Would you consider mitori-geiko a teaching plan? I suppose even within that question, it depends on whether or not he primarily intended to teach by example vs. viewed students first and foremost as personal practice tools (I have no idea within that continuum where he placed his intentions -- fortunately, there are still people alive we can ask for input). History shows that the power was profound and distinctive enough that it compelled the "perceiving" group to go all out (and literally "out" of the art, if needed) to develop their respective tanren to unlock that power within themselves. Ellis, for example, provides in Hidden in Plain Sight
wonderful details about Ueshiba's shugyo. Ueshiba wouldn't be the first or last Asian teacher who would expect a student to similarly find his/her own way and get immersed in it.
You've pointed out that aikido is not like koryu bujutsu, to which the question of maintaining what's "pure" might better fit. (I study Hakkoryu, which has a decidedly more koryu flavor, despite being a gendai budo contemporary to aikido with many common characteristics.)

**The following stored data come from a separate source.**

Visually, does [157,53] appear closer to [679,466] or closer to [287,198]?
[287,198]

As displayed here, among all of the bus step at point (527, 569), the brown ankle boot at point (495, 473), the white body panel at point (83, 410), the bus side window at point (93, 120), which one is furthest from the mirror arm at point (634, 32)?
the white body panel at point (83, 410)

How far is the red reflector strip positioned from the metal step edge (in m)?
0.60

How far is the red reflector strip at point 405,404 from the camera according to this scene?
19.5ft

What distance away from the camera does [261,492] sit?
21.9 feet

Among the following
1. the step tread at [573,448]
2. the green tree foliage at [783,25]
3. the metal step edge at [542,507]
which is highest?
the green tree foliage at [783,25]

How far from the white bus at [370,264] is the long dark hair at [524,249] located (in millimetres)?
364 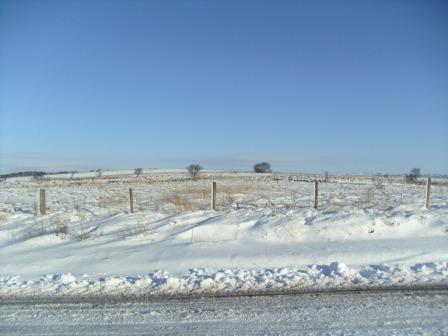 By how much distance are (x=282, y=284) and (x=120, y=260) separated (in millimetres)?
4209

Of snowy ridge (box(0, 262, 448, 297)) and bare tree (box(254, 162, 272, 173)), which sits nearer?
snowy ridge (box(0, 262, 448, 297))

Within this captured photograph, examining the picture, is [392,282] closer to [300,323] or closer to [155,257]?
[300,323]

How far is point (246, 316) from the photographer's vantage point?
549 cm

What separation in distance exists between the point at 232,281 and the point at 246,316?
178cm

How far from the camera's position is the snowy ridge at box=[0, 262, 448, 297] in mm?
6832

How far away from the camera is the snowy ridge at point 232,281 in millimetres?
6832

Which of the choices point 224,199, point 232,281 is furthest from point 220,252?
point 224,199

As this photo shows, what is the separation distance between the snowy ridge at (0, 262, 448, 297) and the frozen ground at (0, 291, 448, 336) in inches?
20.3

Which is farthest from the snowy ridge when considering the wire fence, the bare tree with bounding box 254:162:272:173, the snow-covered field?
the bare tree with bounding box 254:162:272:173

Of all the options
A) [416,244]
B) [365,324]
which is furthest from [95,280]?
[416,244]

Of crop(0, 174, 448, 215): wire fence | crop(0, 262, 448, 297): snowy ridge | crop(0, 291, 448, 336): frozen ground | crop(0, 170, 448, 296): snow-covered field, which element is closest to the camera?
crop(0, 291, 448, 336): frozen ground

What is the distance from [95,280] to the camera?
24.8 feet

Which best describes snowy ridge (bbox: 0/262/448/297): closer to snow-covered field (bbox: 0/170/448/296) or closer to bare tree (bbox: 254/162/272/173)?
snow-covered field (bbox: 0/170/448/296)

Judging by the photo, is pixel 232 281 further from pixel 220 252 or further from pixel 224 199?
pixel 224 199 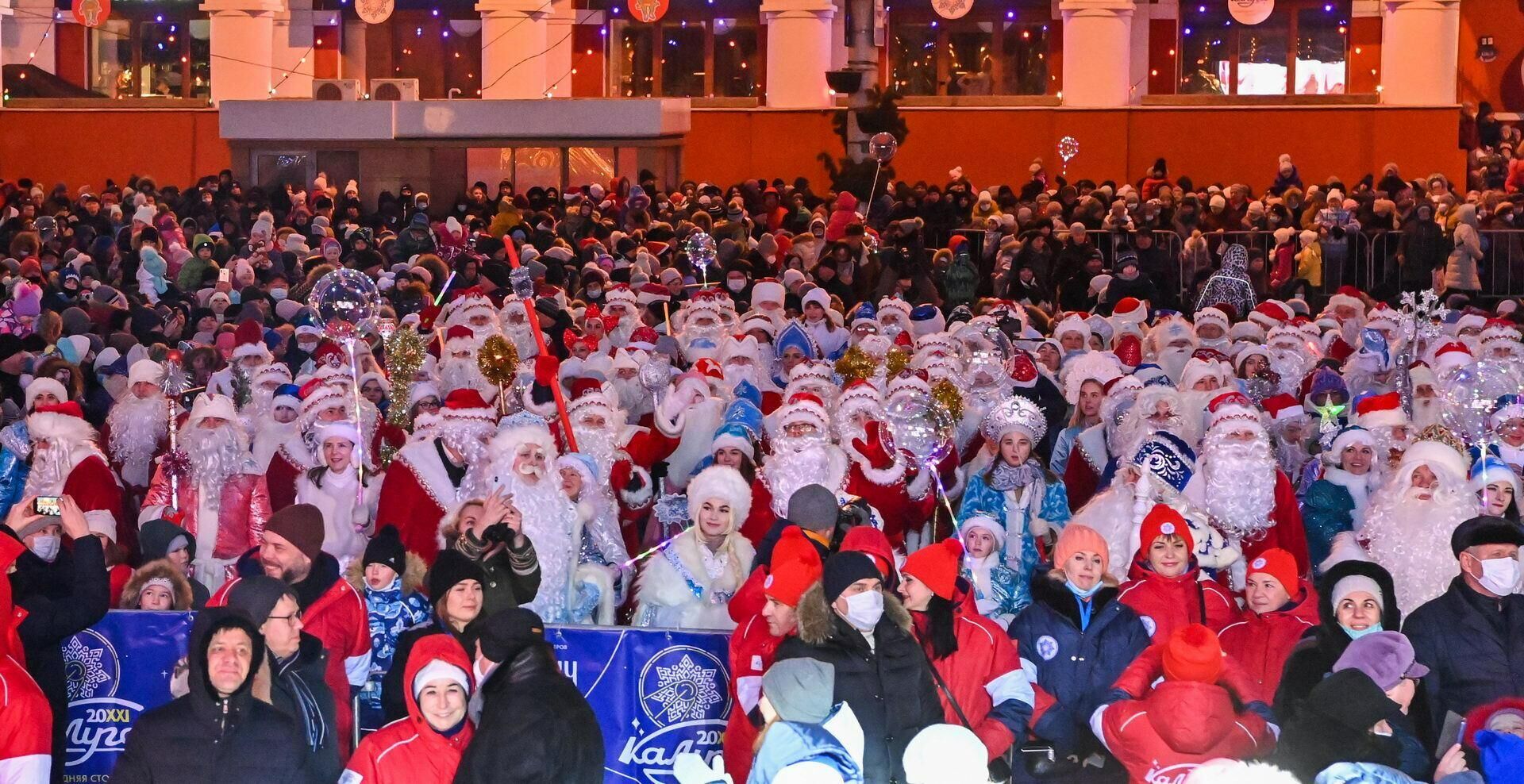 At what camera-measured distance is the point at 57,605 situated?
7.04 metres

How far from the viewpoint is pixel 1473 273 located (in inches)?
805

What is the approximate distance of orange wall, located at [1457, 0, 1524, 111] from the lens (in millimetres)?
34906

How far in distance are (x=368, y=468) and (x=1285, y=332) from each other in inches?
263

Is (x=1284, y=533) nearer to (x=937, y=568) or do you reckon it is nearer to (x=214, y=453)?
(x=937, y=568)

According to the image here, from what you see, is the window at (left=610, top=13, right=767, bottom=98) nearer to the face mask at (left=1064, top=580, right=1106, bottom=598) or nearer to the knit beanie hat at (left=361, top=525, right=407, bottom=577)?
the knit beanie hat at (left=361, top=525, right=407, bottom=577)

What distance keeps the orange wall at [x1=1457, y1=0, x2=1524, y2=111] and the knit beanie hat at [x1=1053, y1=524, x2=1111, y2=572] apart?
2986 centimetres

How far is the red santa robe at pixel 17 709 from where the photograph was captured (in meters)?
6.62

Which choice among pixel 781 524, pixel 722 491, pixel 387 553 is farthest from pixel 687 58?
pixel 387 553

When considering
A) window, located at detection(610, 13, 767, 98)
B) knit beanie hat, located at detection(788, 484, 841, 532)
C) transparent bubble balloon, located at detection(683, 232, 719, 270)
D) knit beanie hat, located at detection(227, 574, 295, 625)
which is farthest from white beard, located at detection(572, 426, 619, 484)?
window, located at detection(610, 13, 767, 98)

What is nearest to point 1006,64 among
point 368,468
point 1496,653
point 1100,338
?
point 1100,338

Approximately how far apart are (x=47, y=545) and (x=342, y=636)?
1139 mm

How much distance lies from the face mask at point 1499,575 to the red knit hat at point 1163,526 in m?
1.07

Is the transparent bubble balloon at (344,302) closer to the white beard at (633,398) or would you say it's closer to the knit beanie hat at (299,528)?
the white beard at (633,398)

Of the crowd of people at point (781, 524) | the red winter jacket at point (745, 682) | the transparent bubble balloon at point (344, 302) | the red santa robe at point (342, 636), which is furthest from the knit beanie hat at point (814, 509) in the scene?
the transparent bubble balloon at point (344, 302) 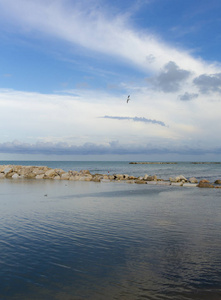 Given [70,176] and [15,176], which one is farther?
[15,176]

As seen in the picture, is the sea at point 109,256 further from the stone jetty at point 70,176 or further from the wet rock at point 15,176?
the wet rock at point 15,176

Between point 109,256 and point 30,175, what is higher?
point 30,175

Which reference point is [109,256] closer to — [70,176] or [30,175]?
[70,176]

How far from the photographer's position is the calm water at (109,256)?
6879 millimetres

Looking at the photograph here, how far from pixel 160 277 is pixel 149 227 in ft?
18.7

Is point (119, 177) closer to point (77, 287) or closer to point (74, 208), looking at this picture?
point (74, 208)

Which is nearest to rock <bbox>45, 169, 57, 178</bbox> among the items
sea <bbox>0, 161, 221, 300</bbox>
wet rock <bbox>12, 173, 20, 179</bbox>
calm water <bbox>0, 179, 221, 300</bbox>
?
wet rock <bbox>12, 173, 20, 179</bbox>

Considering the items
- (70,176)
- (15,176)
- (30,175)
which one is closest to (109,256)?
(70,176)

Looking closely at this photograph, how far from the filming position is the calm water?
6879 mm

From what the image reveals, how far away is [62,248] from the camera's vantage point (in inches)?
399

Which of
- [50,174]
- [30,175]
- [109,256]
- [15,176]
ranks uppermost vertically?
[50,174]

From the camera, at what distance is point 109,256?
922cm

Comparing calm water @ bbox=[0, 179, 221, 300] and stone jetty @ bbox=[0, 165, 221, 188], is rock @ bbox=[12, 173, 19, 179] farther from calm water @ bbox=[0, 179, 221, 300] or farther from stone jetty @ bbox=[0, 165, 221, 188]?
calm water @ bbox=[0, 179, 221, 300]

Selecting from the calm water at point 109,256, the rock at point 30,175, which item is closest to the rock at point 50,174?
the rock at point 30,175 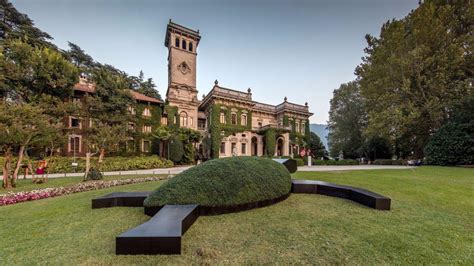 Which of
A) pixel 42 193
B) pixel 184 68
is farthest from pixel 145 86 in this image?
pixel 42 193

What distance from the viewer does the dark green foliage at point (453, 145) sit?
16609 mm

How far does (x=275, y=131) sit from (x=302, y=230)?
26593 millimetres

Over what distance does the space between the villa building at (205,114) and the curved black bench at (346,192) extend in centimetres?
2095

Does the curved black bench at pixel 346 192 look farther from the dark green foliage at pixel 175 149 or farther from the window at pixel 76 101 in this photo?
the window at pixel 76 101

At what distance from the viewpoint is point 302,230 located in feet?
11.2

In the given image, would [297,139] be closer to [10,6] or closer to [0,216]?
[0,216]

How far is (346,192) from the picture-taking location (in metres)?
5.61

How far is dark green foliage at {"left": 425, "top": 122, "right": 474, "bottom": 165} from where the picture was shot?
1661cm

So if finding something "pure" within aikido is difficult because of its progressive, eclectic nature (spelled out in your timeline), is there something that's a constant? Of course, that should be aiki. When all of the discussion (i.e. debate) regarding IP as aiki began to simmer toward boiling over during the latter half of the past decade, I never thought I'd view folks like Dan and Ark as part of a pattern of outside influence that has been instrumental to preserving a key aspect of what is central to what makes aikido, and individual aikidoka, "strong" in the general, non-abstract sense. Again, we have hombu and non-hombu senior aikidoka who know this is an inner-door quality inherent to the art, and are acknowledging its presence in the students of these modern teachers -- often times without having encountered the teachers themselves. But what you've laid out in this thread, along with the historical stones others have turned over, point to just such a pattern.
The difference during this historical cycle? This time there are express teaching plans, and there are codified pedagogies via which the power perceived in aikido can be systematically achieved.